Su questo tema mi sono già espresso in questo sito, perciò non mi ripeterò. Tuttavia, presa visione dell’intervento di Elena Grammann, relativo alla lettura critica del saggio di Franco Buffoni, voglio esprimere apprezzamento e condivisione nel merito e nel metodo.
Con l’occasione aggiungo una breve nota. Uno psicoterapeuta andrebbe incontro a reali difficoltà nel valutare spinte omosessuali significative in un paziente, per obiettive e molteplici considerazioni scientifiche. Figuriamoci, pertanto, se è possibile ipotizzare una simile valutazione sulla base di ‘tracce’ (scritte o comportamentali) personalmente interpretate.

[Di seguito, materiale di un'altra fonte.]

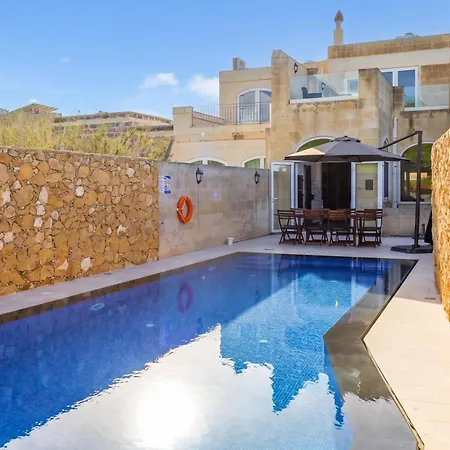 Solaris Gozitan With Pool - Happy *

La ricerca forzata dell’omosessualità in Leopardi o in altri autori, che mai si sono dichiarati tali, al fine di una maggiore comprensione dell’opera, comporterebbe delle difficoltà interpretative veramente ardue, vanificate dall’esiguità dei risultati, nel migliore dei casi, come dimostra l’intervento di E. G.
Sulla ricerca, invece, di una visibilità attraverso questa operazione da parte di F. B. si è già detto, a pensare male di lui. Della difesa di una bandiera potrebbe anche essere, ma avrebbe solo una valenza limitata. Questo atteggiamento critico potrebbe anche significare la spia di un disagio esistenziale da parte di F.B. , ma il problema appartiene a lui. Resto dell’opinione, come ho già avuto modo di dire, che ci troviamo di fronte a un fenomeno di sotto-cultura, moralismi esclusi, con tutte le conseguenze perniciose che porta con sé, forzando la mano all’autore e snaturando e sminuendo il valore dell’opera.
Questa svilente operazione contro un poeta come Giacomo Leopardi, che abbiamo imparato ad amare fin da giovani anche per le figure di Nerina e di Silvia, e che rappresenta una delle pietre miliari nel percorso della poesia e del pensiero moderno, ed è una delle eccellenze della nostra tradizione letteraria, mi risulta particolarmente invisa. E’ il segno di un’arroganza ideologica che va ben al di là di una presunta difesa contro l’omofobia. Invito. perciò, a una seria riflessione.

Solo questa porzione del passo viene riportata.